Russland führt im Moment einen Krieg den wir in dieser Form schon eine Weile nicht gesehen haben: einen Krieg zwischen zwei Nationen die technologisch am gleichen Stand sind. Die vergangenen Kriege der USA etwa waren stets gegen Gegner die im Bezug auf Technologie und Doktrin deutlich weiter zurücklagen. Entsprechend interessant sind Analysen der Kombattanten. Eine russische NGO gab vor kurzem eine kurze Abhandlung mit dem Titel „Lebe, Kämpfe, Gewinne!“ („ЖИВУ, СРАЖАЮСЬ, ПОБЕЖДАЮ!“) mit den gelernten Lektionen heraus.

Das Büchlein ist in 66 Kapitel (in Summe etwa 50 Seiten) unterteilt und nur der Anfang (Vorwort bis Kapitel 6) und das Ende ist politisch gefärbt, der Großteil ist sehr pragmatisch gehalten und adressiert recht brutal die eigenen Schwächen, so wird etwa festgestellt, dass der Erfolg des Feindes fast immer auf dem eigenen Versagen basiert oder aber Offiziere dumme Entscheidungen aus Bequemlichkeit treffen.

Die Ratschläge sind aber eben unheimlich praxistauglich und beschäftigen sich mit dem Umgang mit Läusen, nassen Füßen und der Frage welche Teile der Doktrin Sinn machen und wo man etwas anders tun sollte.

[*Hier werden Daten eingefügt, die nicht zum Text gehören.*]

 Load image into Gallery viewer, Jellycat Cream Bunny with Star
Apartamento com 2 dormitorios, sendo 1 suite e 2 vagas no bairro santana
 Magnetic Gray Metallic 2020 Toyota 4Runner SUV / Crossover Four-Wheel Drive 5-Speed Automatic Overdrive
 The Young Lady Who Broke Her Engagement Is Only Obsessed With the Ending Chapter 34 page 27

Die Analyse zeigt uns, dass der Krieg sich gewandelt hat und jetzt wieder der Situation des ersten Weltkrieges ähnelt. Geschütze spielen wieder eine bedeutende Rolle und das Gewehr des Soldaten verliert an Bedeutung. Im 27. Kapitel wird dargelegt, dass im ersten Weltkrieg pro gefallenen Soldaten etwa 25 000 Kugeln verschossen wurden, in Vietnam 250 000 Kugel und wir jetzt bei 2,5 Tonnen angekommen sind.

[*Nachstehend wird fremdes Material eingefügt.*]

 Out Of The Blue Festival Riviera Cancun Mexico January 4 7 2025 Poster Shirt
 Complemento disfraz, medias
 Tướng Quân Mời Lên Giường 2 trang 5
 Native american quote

Das Sturmgewehr als Waffe hat damit eine untergeordnete Bedeutung. Artillerie ist wieder der unangefochtene „König des Schlachtfeldes“, die meisten Opfer, auf beiden Seiten, wurden durch Geschütze und Raketen verursacht, die wiederrum durch Dronen ins Ziel gelenkt werden. Dronen sind also ein bedeutender Faktor, haben aber eine Verlustrate von über 90%.

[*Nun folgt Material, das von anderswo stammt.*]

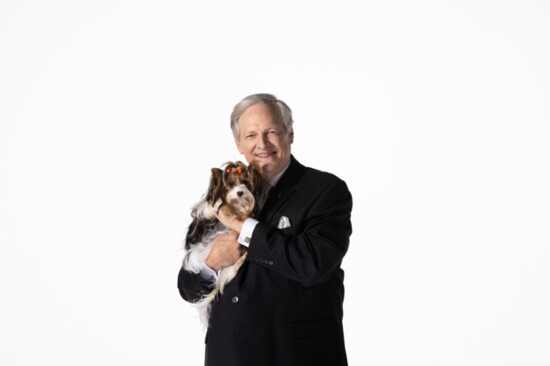 David Frei co-founded the National Dog Show Therapy Dog Symposium.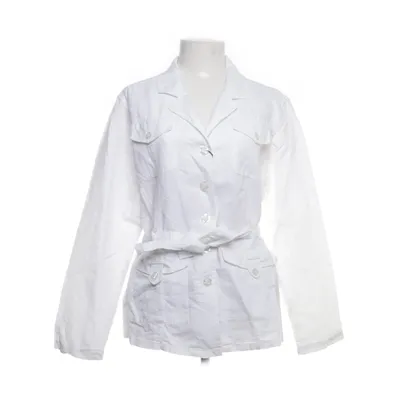 Denim shirt (White) from Blanc du Nil
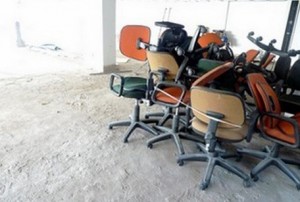 Form versus function: the tale of two chairs.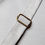 Thumbnail: Oliver Harvey 'The Heather' Bib Apron White Strap Detail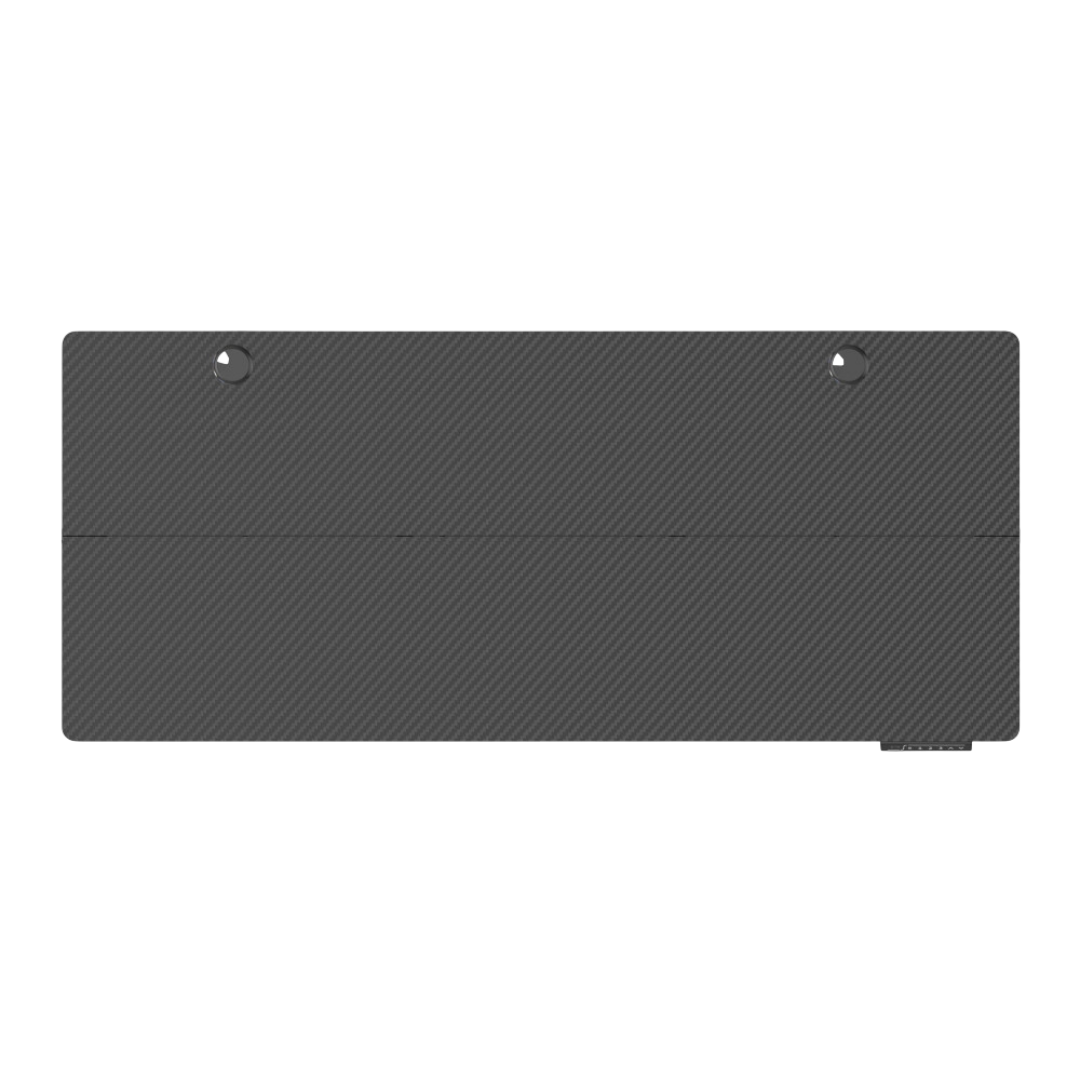Devo Gaming Table - Agr Lite Tabletop - 140x60 - Black Carbon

Durch diese Entwicklung verschwimmen die Begriffe wie „Front“ und „Hinterland“, weil „die Gefahr überall lauert“, auch 20 km hinter der eigentlichen Front.

Es wird angemerkt, dass aufgrund moderner Aufklärungstechnologie das Verstecken deutlich schwieriger geworden ist. Der „Nebel des Krieges“ ist nicht mehr undurchsichtig, entsprechend ist wieder Täuschung wichtiger geworden.

Die Lektüre ist interessant und verdeutlicht vor allem, dass der Krieg nichts an seiner Grauslichkeit eingebüßt hat und weiterhin mehr Opfer hinter als vor den Linien fordert. In kühler Pragmatik werden Lösungen für Probleme geschildert die einem die Gänsehaut über den Rücken jagen sollte und jedem klar machen muss wie fürchterlich Krieg wirklich ist, für all jene die gezwungen werden ihn zu führen, während die Drahtzieher mit trockenen Füßen, läusefrei, in bequemen Palästen sitzen und von notwendigen Opfern sprechen.

Die Analysten des Krieges zeichnen einen ernüchterndes Bild eines Krieges zwischen Peers, ein Bild das auch die USA und China im Moment sehr genau analysiert und hoffentlich zu dem Schluss kommt, dass rascher Erfolg nicht am Menü steht.